Many of the individual awards had that familiar “well, OK, them again” ring — including Rhonda Vincent for female vocalist (seventh time), Ricky Skaggs & Kentucky Thunder for instrumental group (eighth), Doyle Lawson & Quicksilver for vocal group (sixth), Missy Raines for bass (sixth), Rob Ickes for dobro (eighth), and Jim Mills on banjo (sixth).
The charm of IBMA, as ever, was seeing a player such as Ickes, for instance, astounding the “Roots and Branches” stage audience with contemporary moves in Three Ring Circle (his side band with star mandolinist Andy Leftwich and bassist Dave Pomeroy) one minute, then finding him playing with amateurs in the hallway outside moments later in an instant jam session — and then catching him leading a Masters Workshop a half hour after that. The accessibility of the big names and master musicians is unmatched in any other field, or event.

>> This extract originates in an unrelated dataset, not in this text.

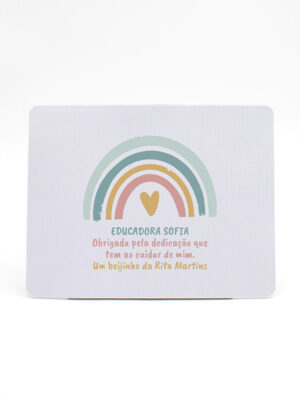 Mouse Pad "Arco-Íris Rosa - Agradecimento"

One of many scheduled after-hours parties, the post-awards party at the Gibson Showcase Theater near the Opry House, was hosted by the Del McCoury Band. They played a typically engaged and engaging set; at one point Del was joined onstage by Sam Bush and Tim O’Brien for three-part harmony on the Bill Monroe classic “On And On”. That’s how IBMA goes.
–BARRY MAZOR
BOB THE BUILDER: He’s a musician, a recording engineer, a studio designer, a documentary filmmaker, a photographer and a painter, but if you ask BOB LANOIS to describe what he does, he answers: “I’m a facilitator.”
“To tell you the truth, I have been kind of happy in my role as facilitator. I think I have a helping-out-other-people gene, which has been very dominant in my life,” says Lanois, 56, from his home south of Toronto in Hamilton, Ontario. His first solo album, Snake Road (which came out October 24 on Canadian label Cordova Bay), marks a long-overdue move by Lanois out of the shadows and into the spotlight. It’s a collection of instrumentals rendered by Bob on his harmonica, embellished with support from his brother, the celebrated producer Daniel Lanois.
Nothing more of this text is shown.